Gabrielle

Sentada numa poltrona,

Tecido macio e encosto confortável,

Fitando sua pele pálida que dos braços desmonta,

Naquele momento tudo parecia irrecuperável.

Com uma adaga de lâmina afiada,

Corta fundo os pulsos,

Sente a dor do corte de espessura aguda,

O sangue nasce feito um rio.

A ferida logo cicatriza,

O chão ainda com marcas da investida,

Deixa o pulso sobre a vela acendida,

Vai queimando a carne de forma destemida.

Aquele cheiro de pelos queimados,

O braço dolorido e de cor vermelha com preto,

Vai voltando ao que era, intactos,

Nem bolhas ficaram como prova do feito.

Aproveita as unhas afiadas,

Rasga a pele feito uma harpia,

Somem as agressões estriadas,

De volta a sua marmórea simetria.

A mesma adaga enfia no peito,

Sente acerta o coração,

Se contorce num espasmo de desespero,

Ainda vive nessa situação.

Retirar o objeto dói ainda mais,

Dos olhos escorrem lágrimas vermelhas,

Sai correndo e pula pela vidraça que se desfaz,

Cacos de vidro adornando a pele inteira.

Pula pela janela do quinto andar,

O corpo bate no chão e quica,

Ao levantar os ossos começam a estalar,

Volta pra sua casa e se irrita.

Pensa que só lhe resta mesmo uma forma,

A dolorosa agonia de exposição ao sol,

Talvez o destino do vampiro nisso se resolva,

Sofrer essa última agonia que é a pior.

Ao adentrar a monumental casa,

Depara-se com uma figura,

Sentada na sua poltrona aveludada,

Portando-se com finura.

Não podiam ler a mente um do outro,

Mas o intruso se antecipara,

Dizia que poderia lhe fornecer o desejado conforto,

Sabia como proceder para matá-la.

Gabrielle aceitou a oferta prontamente,

Cansada de vagar por estes séculos,

Não queria mais essa repetição eternamente,

Seu fim era o que desejava por certo.

O visitante a fitou nos olhos,

Num rápido movimento,

Utilizando uma lâmina de povos nórdicos,

Arrancou-lhe a cabeça sem arrependimento.

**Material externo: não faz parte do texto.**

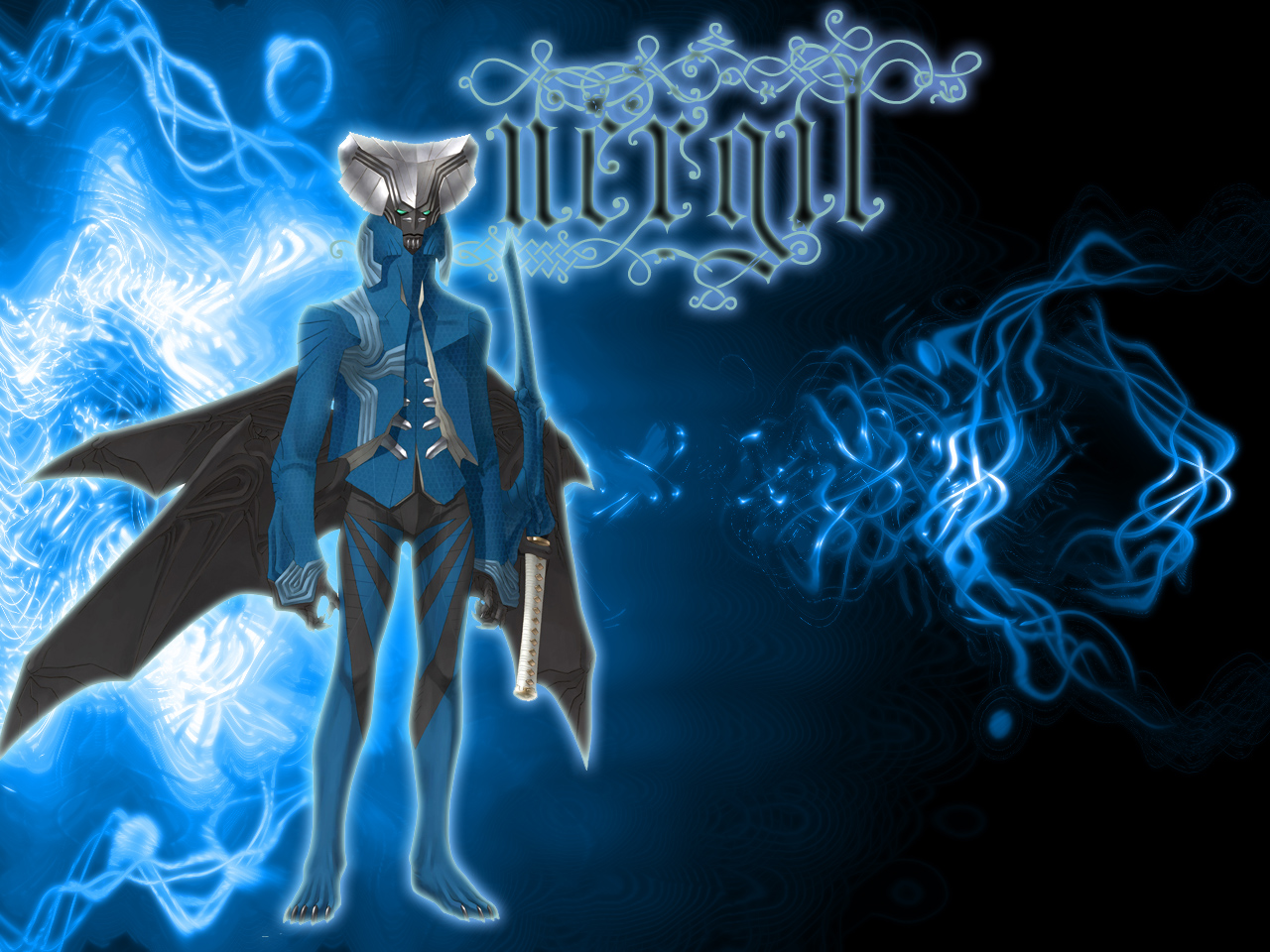 Fonds d'cran Jeux Vido Devil May Cry 3 Vergil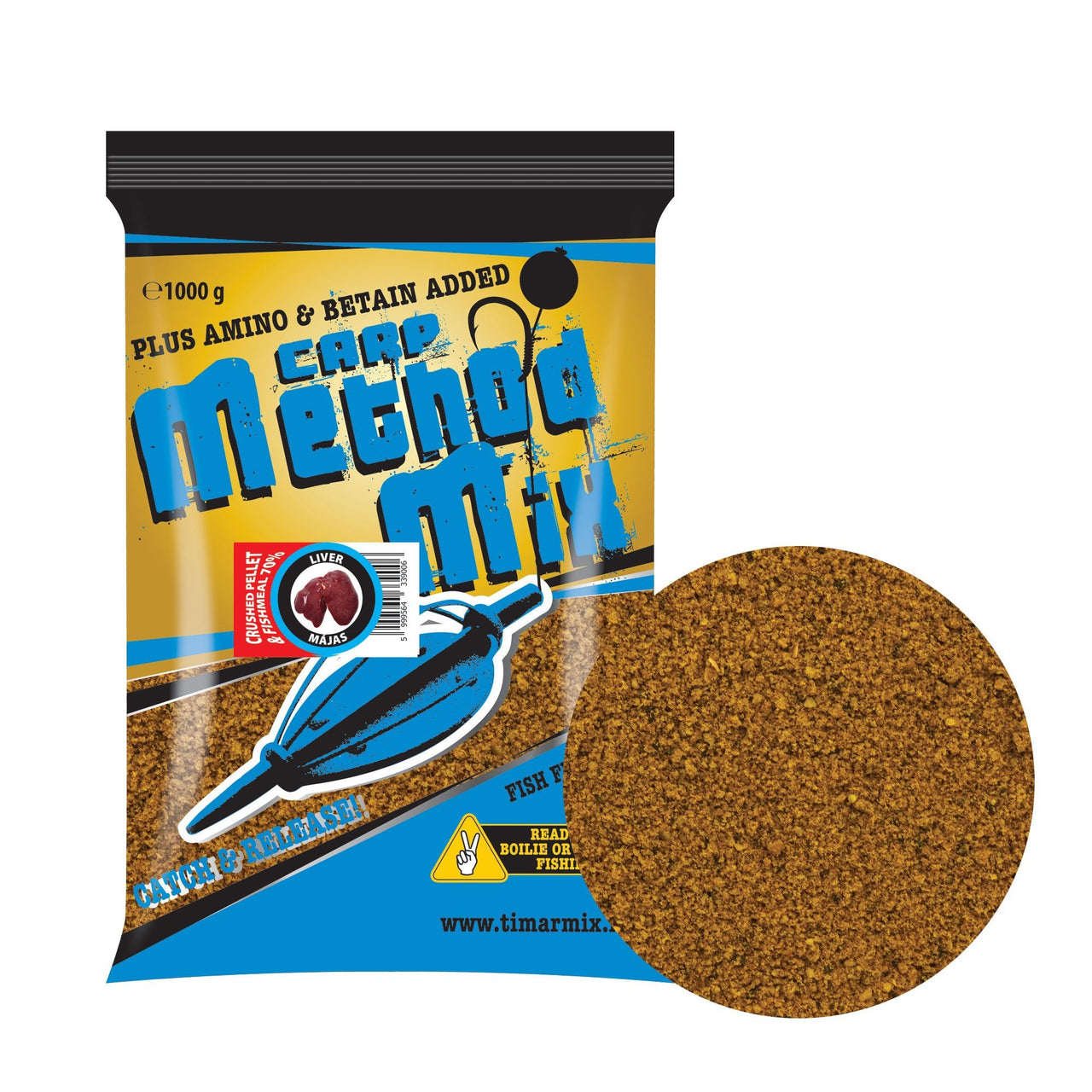 Timar Mix Method Mix Liver 1kg - MX9006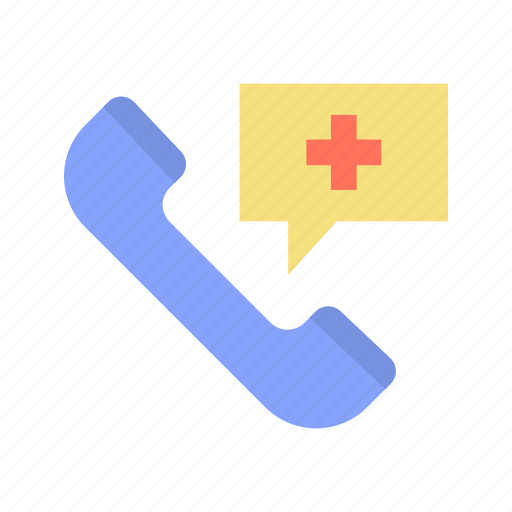 Medical service on call, doctor, call, appointment icon - Download on Iconfinder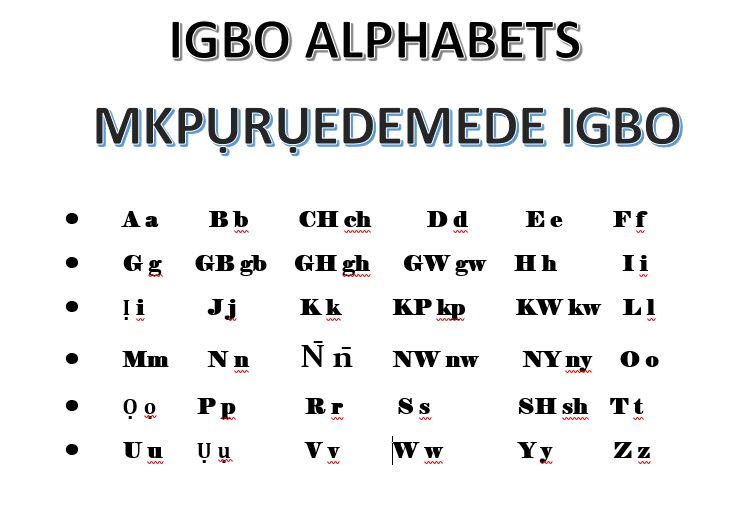 Igbo language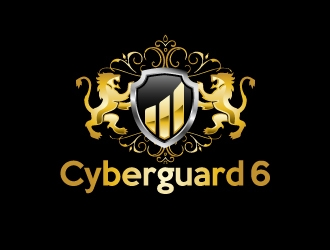 Cyberguard 6  logo design by AamirKhan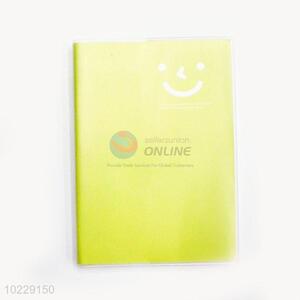 High Sales Yellow Hardcover Notebook For Sale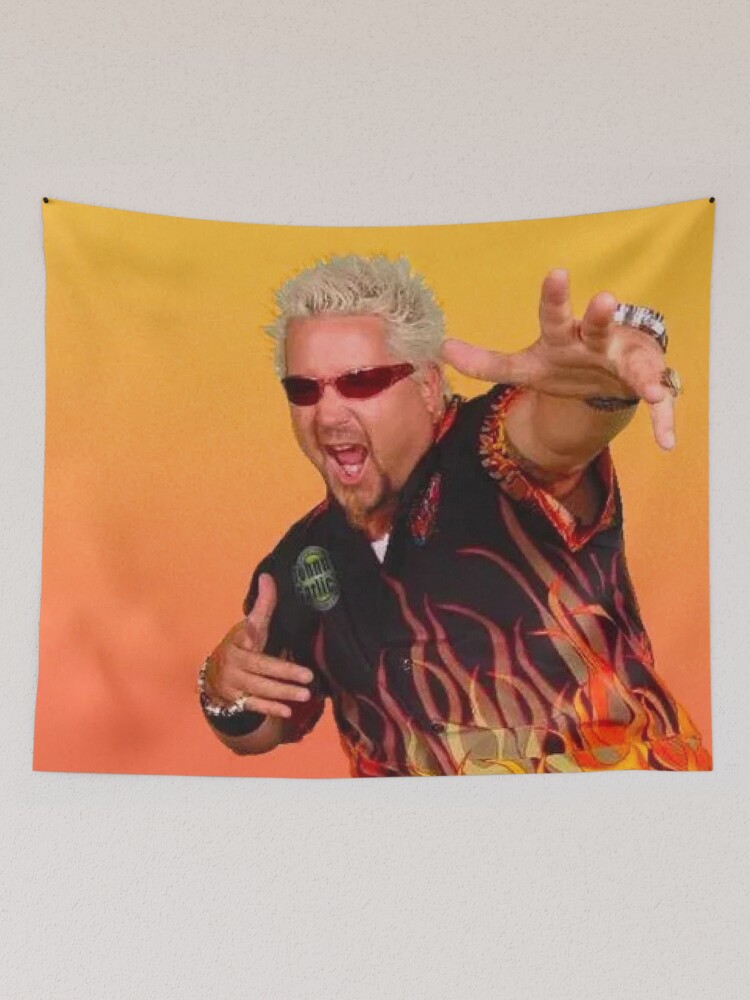 Guy discount fieri tapestry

Carregou o corpo decapitado pelos ares,

Deixando-o no meio do oceano,

Voltando para se ocupar com o último entrave,

Pegou a cabeça e a empalou num ponto.

Já havia se retirado quando o sol se manifestou,

Aquele crânio exposto gritava ao queimar,

O cadáver não tinha chama mas seu aspecto era de que torrou,

O algoz voltou ao seu constumeiro hábitat.

Sabia que era preciso fazer algo e fez,

Achava deprimente alguém antigo com tal postura,

Covardia de executar-se e dignamente perecer,

Precisou se sua ajuda para cumprir a desventura.

Cobrou seus préstimos bebendo daquele sangue,

Sua velocidade permitiu provar antes de tornar-se morto,

Ficava mais forte com aquele acúmulo de tempos distantes,

Como um parasita, necessitava sempre de nutrir-se com o outro.